Edit: I could simplify the code even more by accessing the 3D cooridnates directly, instead of using the inverse projection.


Disclaimer

As I finally understand what's going on, I thought I'd present my own solution and give some explanations. It's based on the dame idea as Rahul Narain's answer, only a bit simpler. The example image I provided in the question was a very poor choice, in that the correct result looks a little different (and doesn't need the parameters a and b, that Rahul introduced).

Anyway, I hope this will maybe help someone who is just as much at loss with (inverse) pole figures as I used to be a couple of weeks ago.

Basic idea

When dealing with cubic structures, every direction can be transformed to an equivalent one, whose stereographic projection lies within the stereographic standard triangle. As an example, the following picture shows the stereographic projection of some specific directions (integer points) onto the plane $z=-1$. The orange dots represent directions of the form $\langle 4,2,5 \rangle$, i.e. directions equivalent to $[4,2,5]$ by symmetry. 24 more such directions are projected to outside of the unit circle and thus are not visible in this plot. The green dot shows the equivalent direction whose projection lies inside the standard triangle.

Pole figure

The corners of the standard triangle are directions of the kind $\langle 1,0,0 \rangle$ (bottom left), $\langle 1,1,0 \rangle$ (bottom right) and $\langle 1,1,1 \rangle$ (top right), respectively. (In my case, to be more precise, $[0,0,1]$, $[0,1,1]$, and $[1,1,1]$.) Each direction $[x,y,z]$ can be expressed by a triple $(u,v,w)$ such that $$[x,y,z]= u \cdot[0,0,1]+v \cdot[0,1,1]+ w \cdot[1,1,1].$$ These are obviously: $$u=z - y,\quad v=y - x,\quad w=x .$$ This triple is used to assign each direction inside the standard triangle a unique RGBColor.

Step by step code

First, I define the stereographic projection:

project[v : {x_, y_, z_}] := {x, y}/(Norm@v + z)

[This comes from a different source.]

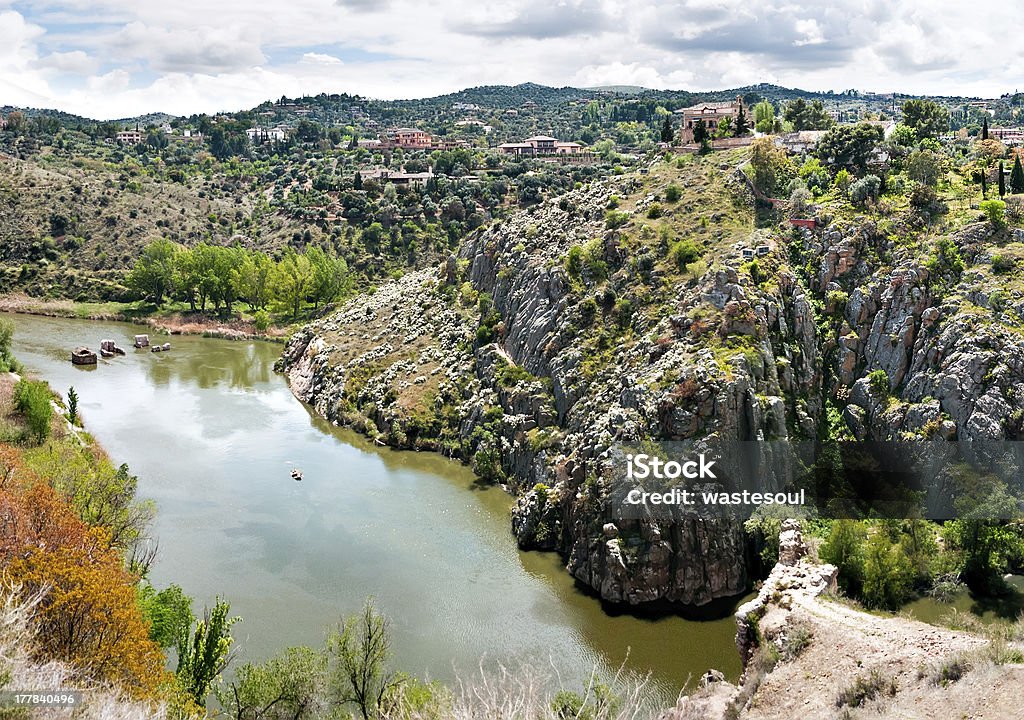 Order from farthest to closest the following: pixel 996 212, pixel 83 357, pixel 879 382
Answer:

The standard triangle can be easily parametrized by:

ParametricPlot[project@{s, t, 1}, {s, 0, 1}, {t, 0, s}]

The ColorFunction is similar to the one presented by Rahul and uses $u$, $v$, and $w$ from above:

makeColor[{x_, y_, z_}] := 
 RGBColor @@ ({z - y, y - x, x}/Max@{z - y, y - x, x})

This makeColor function has to be applied to the 3D coordinates, which can be accessed via the parameters of the ParametricPlot, i.e. #3 and #4:

ColorFunction -> (makeColor[{#4, #3, 1}] &)

Everything put together

Finally, everything is put together with some additional options for ParametricPlot:

project[v : {x_, y_, z_}] := {x, y}/(Norm@v + z)
makeColor[{x_, y_, z_}] := 
 RGBColor @@ ({z - y, y - x, x}/Max@{z - y, y - x, x})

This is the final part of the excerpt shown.